A Fenprof também apela à convergência na ação dos professores: "Temos de ter em conta as nossas diferenças e trabalhar mais sobre aquilo que nos une e não que nos separa".
Entre as prioridades para o setor da Educação, a CONFAP defende a criação de "gabinetes de apoio a saúde mental da comunidade educativa".
"Pedimos um programa de saúde, um programa nacional de diagnóstico da saúde mental emocional, com gabinetes de apoio à comunidade educativa, constituído por equipas multidisciplinares no terreno, para que dentro da escola seja possível identificar e apoiar os professores e a comunidade educativa",
A CONFAP pede ainda uma carreira especifica para assistentes operacionais e a colocação de professores.

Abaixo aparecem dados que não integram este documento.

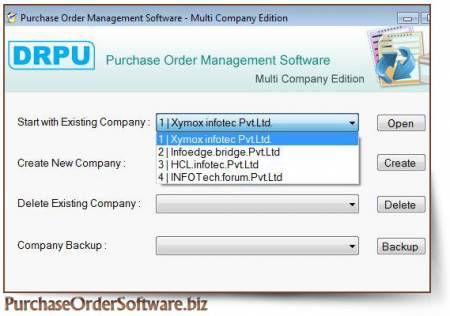  Purchase Order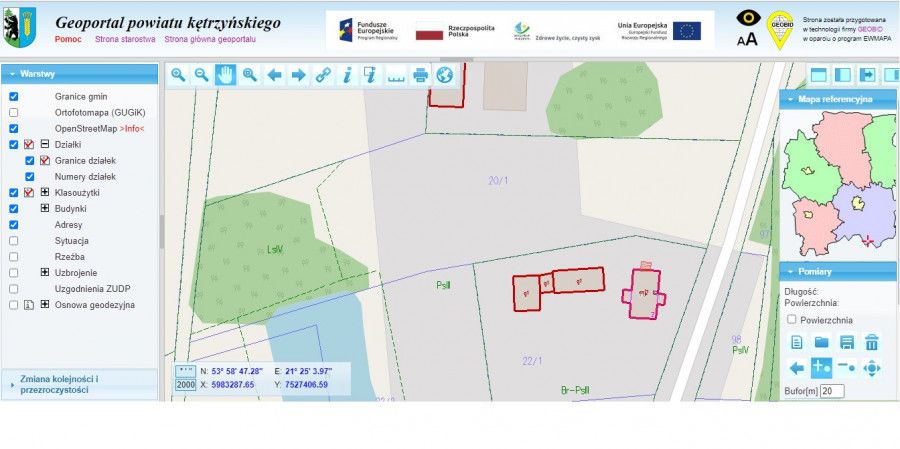 Działka rolno-budowlana Langanki. Zdjęcie 2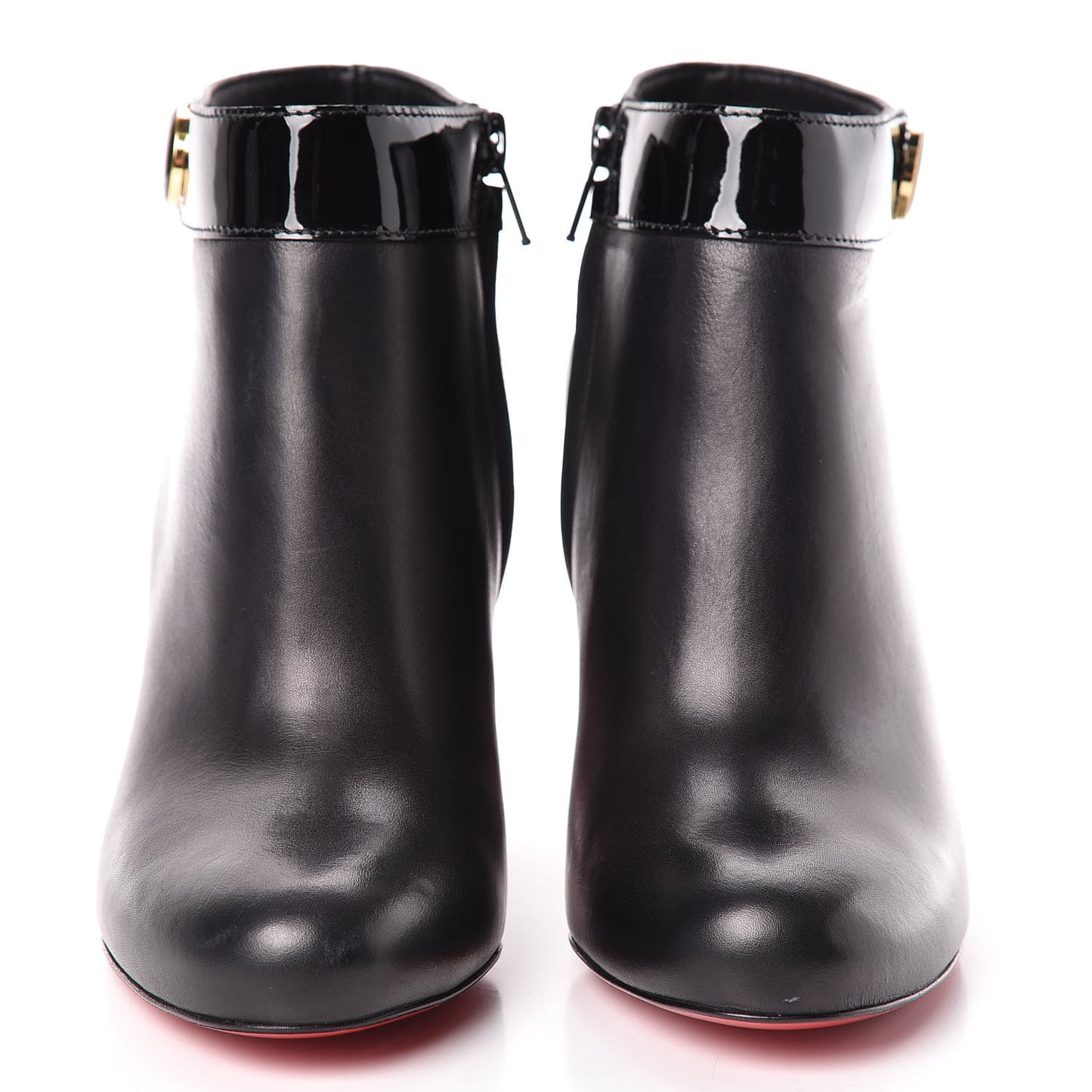 Patent Calf CL 85 Boot 35 Black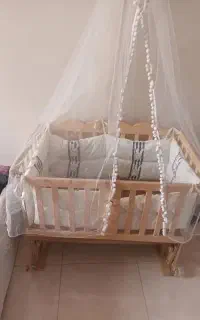 فروش گهواره نوزادی کاملا نو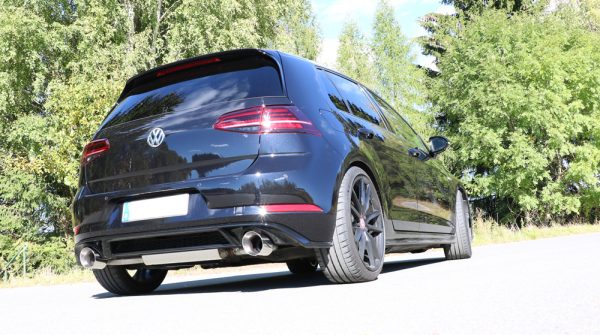 VW Golf VII - 2,0l GTI Facelift + TCR Endschalldämpfer rechts/links - 1x100 Typ 25 echts/links – Bild 4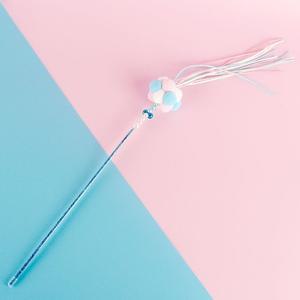 장난감 폼폼이 낚싯대장난감 낚싯대 고양이 블루 (WFGQ3PP)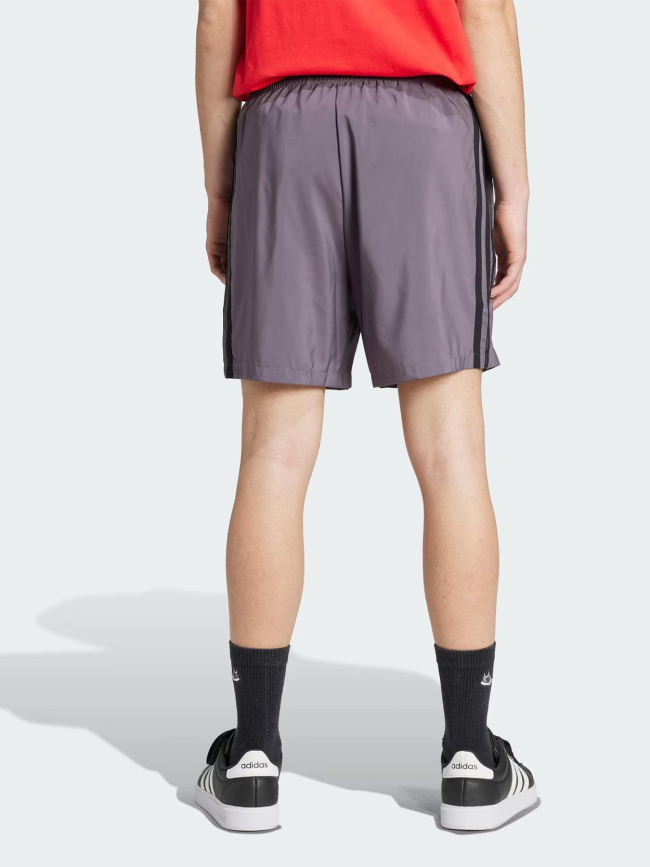 Short de sport 3s chelsea gris homme - Adidas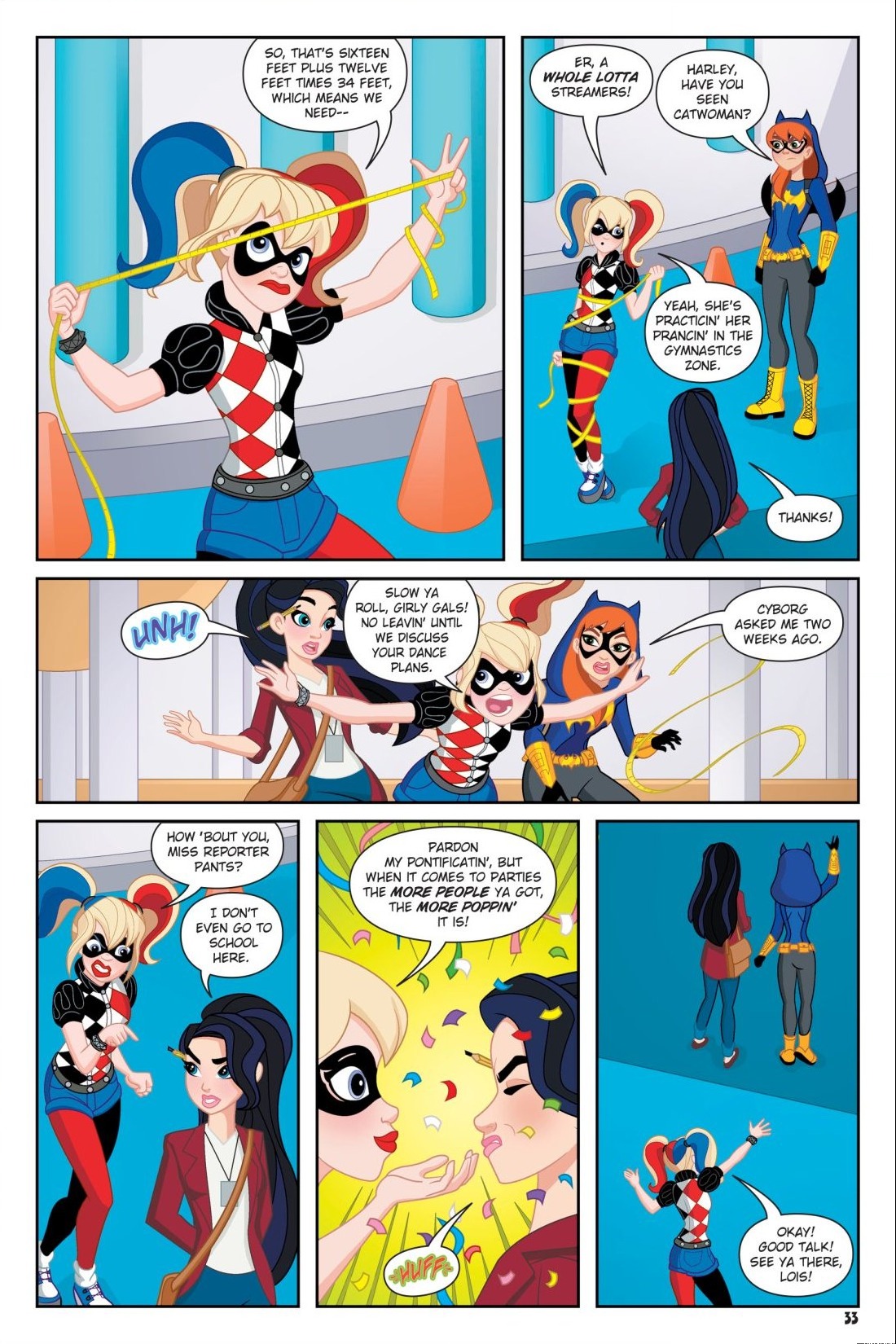Read online DC Super Hero Girls: Date With Disaster comic -  Issue # TPB - 32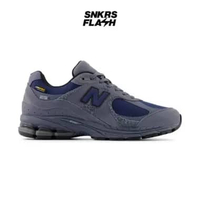 Sepatu Sneakers Pria NEW BALANCE 2002R DARK ARCTIC GREY NB NAVY BLACK - M2002RPH 42.5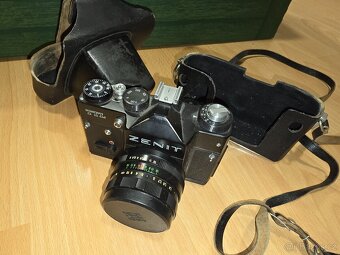 Zenit TTL - Retro zrcadlovka na kinofilm s originál brašnou - 3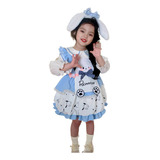 Vestido Sanrio Kawaii Cinnamoroll Pacha Dog Lolita Princess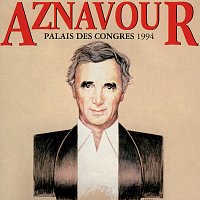 Přední strana obalu CD Aznavour Au Palais Des Congres 1994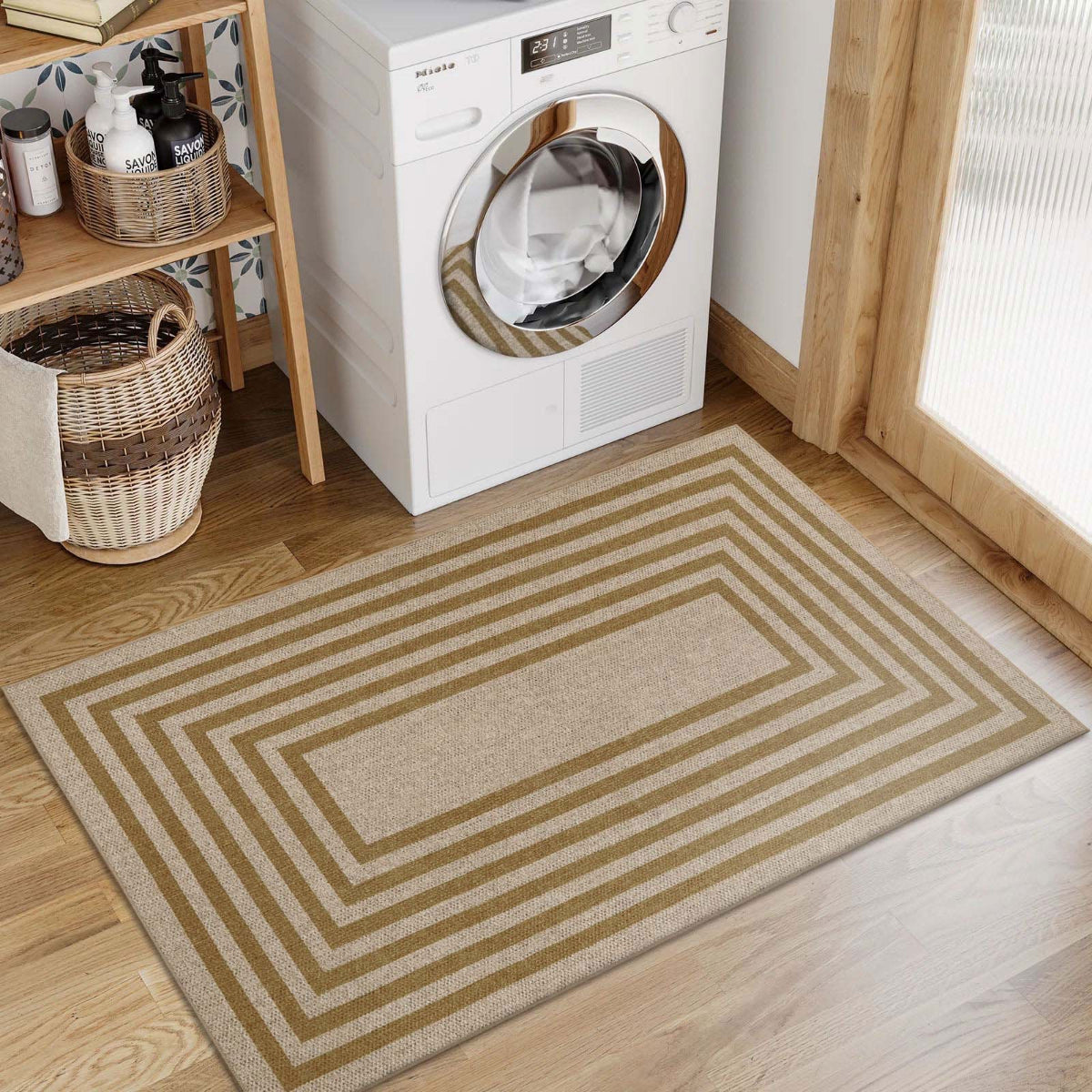 Modern Neutral Rug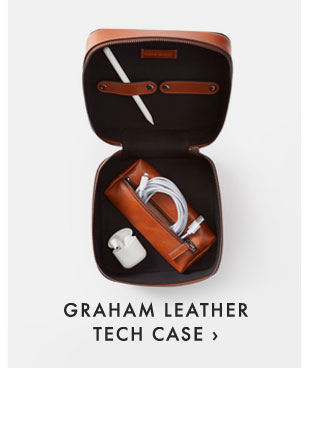 GRAHAM LEATHER TECH CASE ›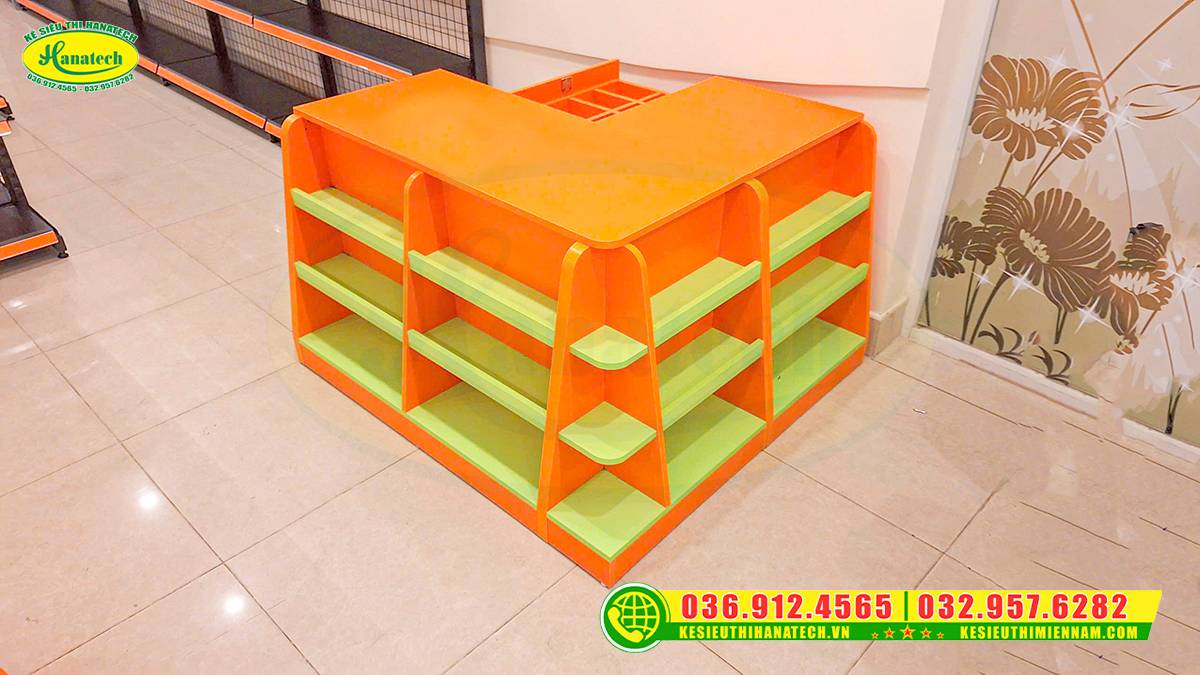 Kệ siêu thị mini tại Quảng Ninh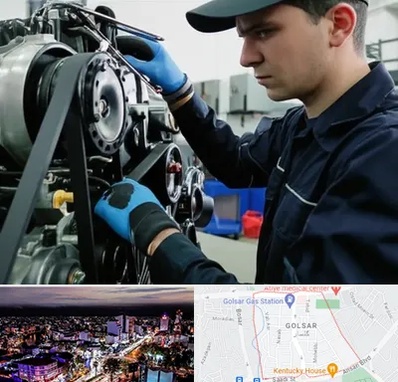 لوازم یدکی ماشین سنگین در گلسار رشت 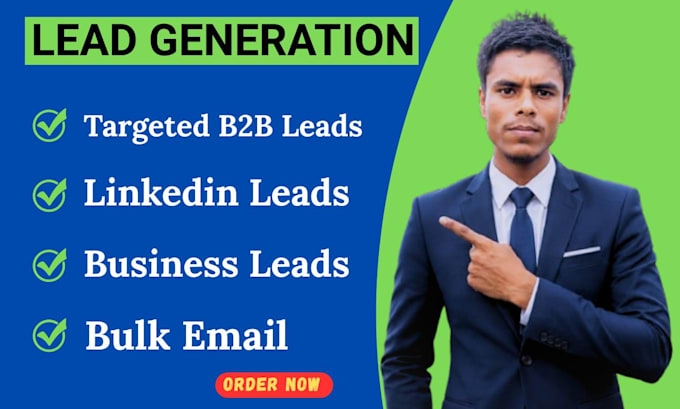 do linkedin leads generation and b2b leads generation
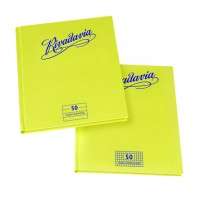 Cuaderno Rivadavia 16 x 21 Tapa Carton Tradicional x  50 Hjs. Cuadriculado Cod. 353120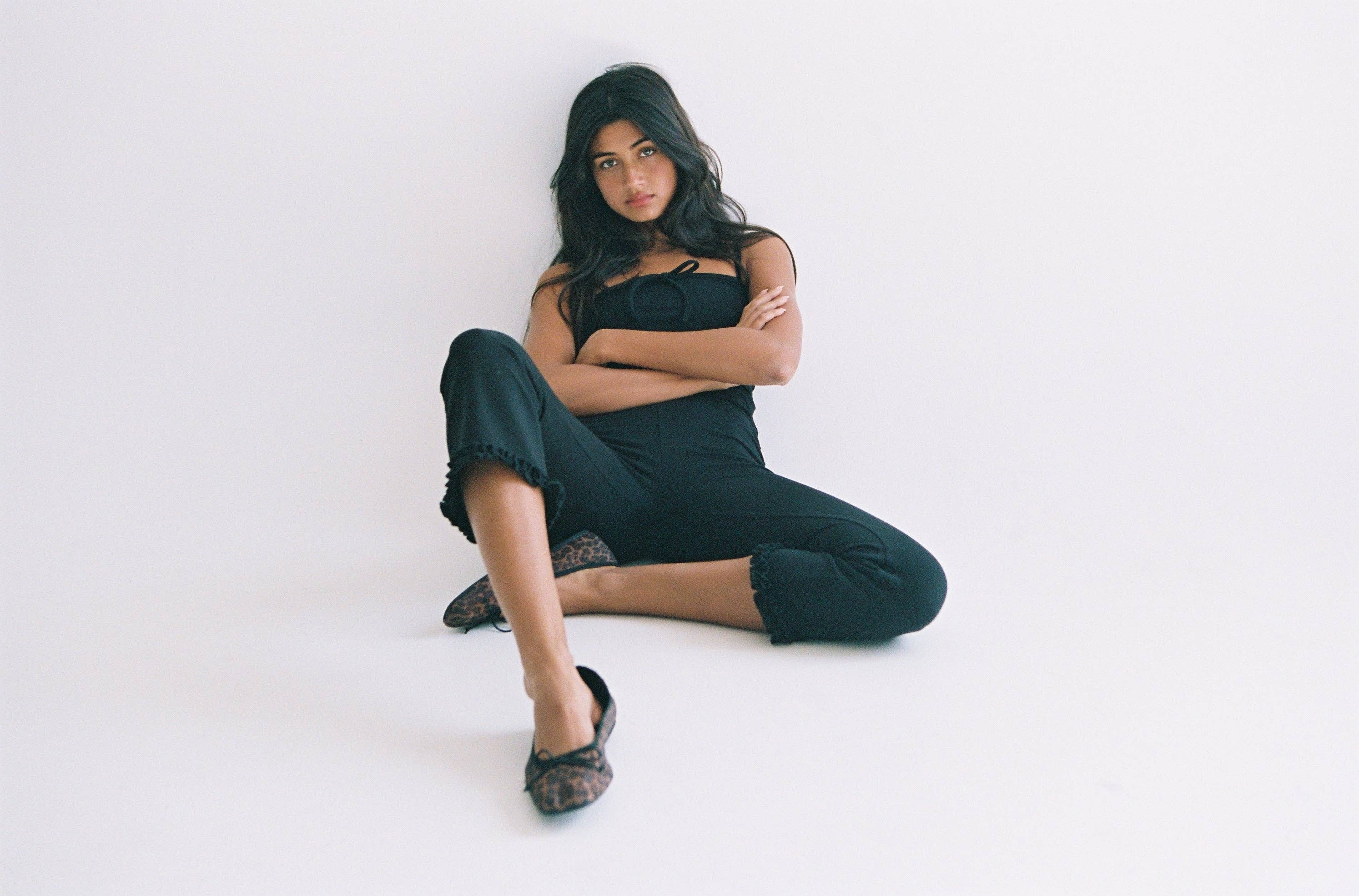 RAT BOI - Ruffle Capri | Onyx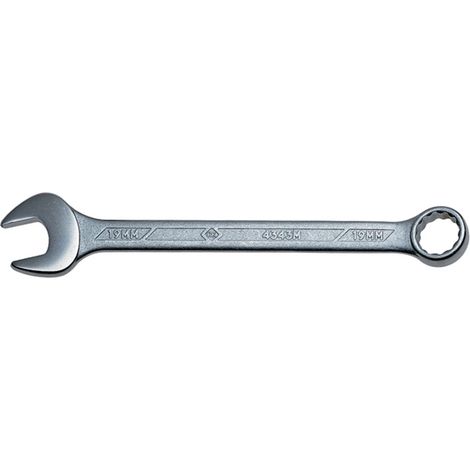 Ck T4343M Llave mixta cromada de 15 mm robusta y ergonómica (1/3)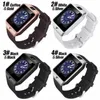 Smart Sport Watch Smart Wrist SIM Cellphones Intelligent com baterias e pacote de varejo para Android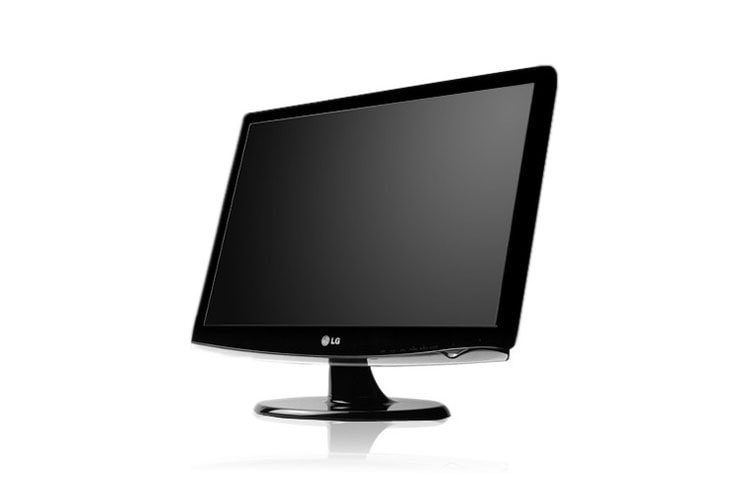 LG 22'' LCD monitor, puhas järelkujutisevaba pilt, Auto Bright teie silmadele sobiva heleduse jaoks, W2254V, thumbnail 2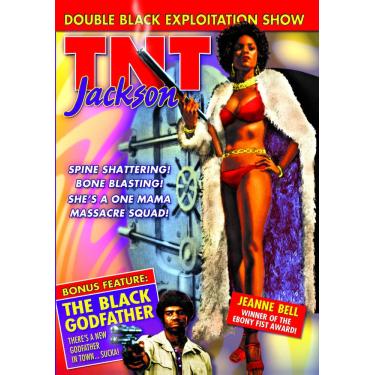Imagem de Double Black Exploitaton Show: TNT Jackson/The Black Godfather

Filinto Lima, presidente da ANDAEP, destaca a necessidade de "dignificar a cadeira docente com mais apoio efetivo aos diretores", apela a mais investimento na Escola Pública e uma aposta mais forte na educação especial.
"É necessário que nesta área estejam nas escolas mais professores da educação especial, mais terapeutas, para fazerem face ao número enorme de alunos que neste momento temos nas escolas com necessidades específicas. Acho que assim teríamos uma escola ainda mais feliz", refere.
A Fenprof, por sua vez, reitera a necessidade de vincular os professores contratados, acabar com a descriminação salarial e recuperar o tempo de carreira não contabilizado.